I figure, really, that the causes (housing bubbles, Ponzi schemes, derviatives, speculation, bad loans, the rest of it) just have to take their course.
I was thinking about all this talk of the government restructuring loans. Now if we as taxpayers buy these loans or the banks holding them and want to do that, I guess it's OK. But it started me thinking about the mortgages that I own, made on my own real property. What if the government unilaterally decided to retroactively change those agreements? I'm not saying anyone is suggesting that. Still, it gives you pause. What if a bank was solvent and the government decided to change loans it had made retroactively. That would be bad. I'm just saying.
Anyway, with all the flap over the stimulus plan I wonder what difference it will really make. I'm thinking Barack will have more influence as president over deployment of troops and the holding of terrorist suspects than the economy. Really and truly, world economies are very influenced by billions of consumers. This is especially true in the U.S. I know, I know. Jobs=spending. Hope=spending. Tax relief=spending. But I wonder.
So, what am I doing in the current economic crisis?
- I'm trying to shop in independent shops I want to help stay afloat.
- But thinking hard about every spending decision.
- And buying an expensive Lego for my great Nephew on Amazon because it is oh so easy. (Click the wish list, pick the toy, click the address of my niece, click my credit card, done.)
- But at least I spent some money on something.
- I'm trying to eat out at restaurants that I love and that are locally run.
- And buy wine as gifts for friends at local wine purveyors. (Because really you are spending money and people are enjoying it, it's gone and then repeat.)

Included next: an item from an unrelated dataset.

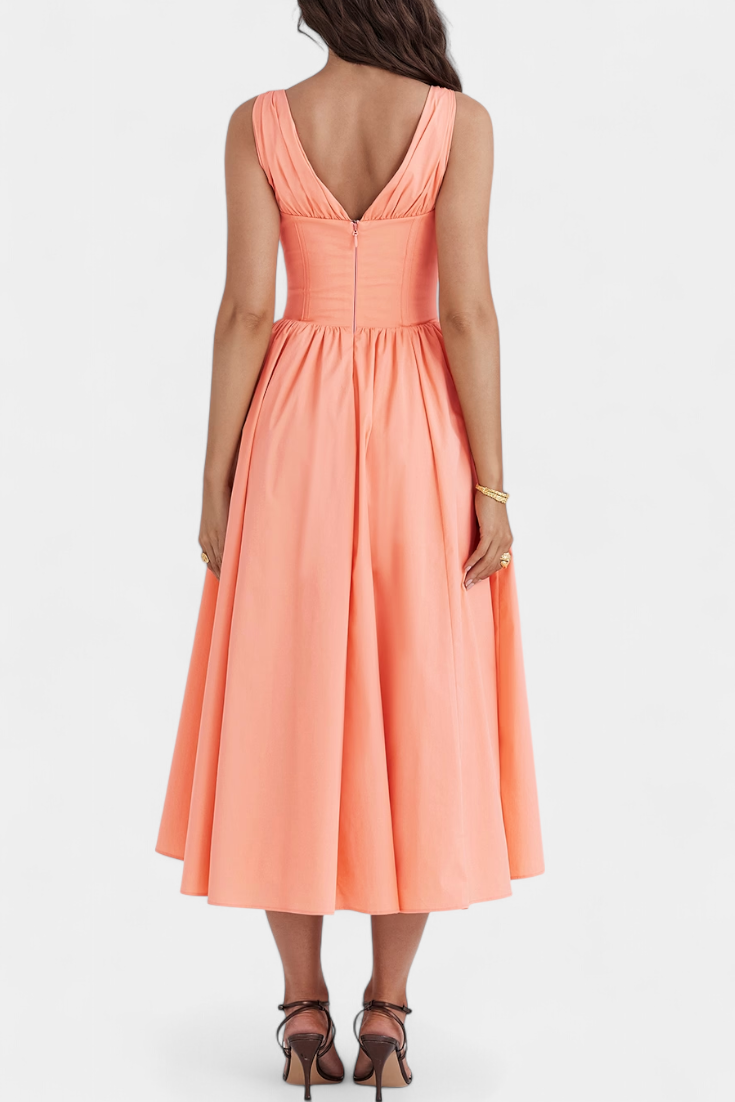 Margie Μίντι Φόρεμα με Λαιμόκοψη V και Ρομαντική Φλοράλ Στάμπα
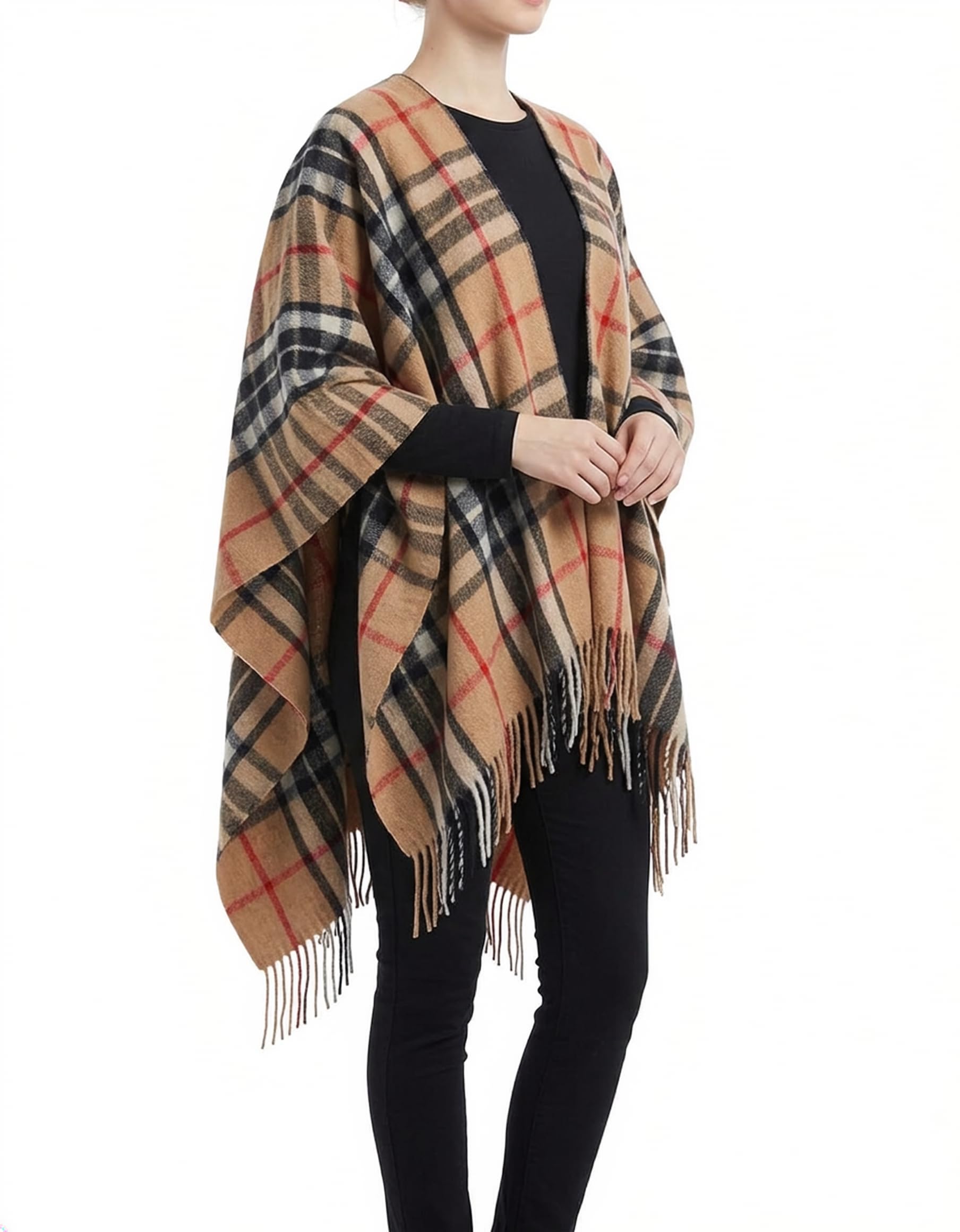 Tartan Tweeds Unisex Thomson Camel Merino Wool Tartan Cape, One Size (Uk, Alpha, One Size, Regular, Regular, )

- And buying gift certificates to restaurants as gifts, the same local ones.
- Driving my eight-year-old car less and making trips count. (Sorry, no new car. Sorry, reduced demand for gas. Or is that good? I did do a pretty major repair on it. And really I always drove cars into the ground and paid cash for new ones even when I was making great money.)
- Planning to buy things from Royal Blue Grocery's new location in my building rather than from bigger retailiers because a grocery store in your building...how cool is that? They may open within the week.
- Looking to buy a little storage cabinet for the second bathroom and still considering new digital cameras, a GPS and a netbook. I'm just saying: I might buy some stuff. I keep resisting, though.
- I'm thinking of planning trips to New York and maybe France.
- I'm staying in the uncounted unemployed. I have been 'retired' for six years. Which just means I quit my job to live on my investments. I'm too young for Social Security and I have no defined benefit pension. I don't count in the 7.6% and growing ranks of unemployed. I am not taking a job that someone else needs. (Note that Barack's wife left her job, too, and is probably in the uncounted unemployed. She had a good job, too. I'm just saying.)
- I'm spending money on my credit cards but paying everything off every month.
- I'm still giving to causes but taking a harder look at my budget for that. (See above about trips. Selfish, huh?)
Let's hope the 'economic stimulus' can take a swipe at stalling or reversing these trends. Let's hope it isn't like that tax rebate last year. As my dad says, "I still have mine in the bank." Of course, soon he has to give much more than that to the tax man.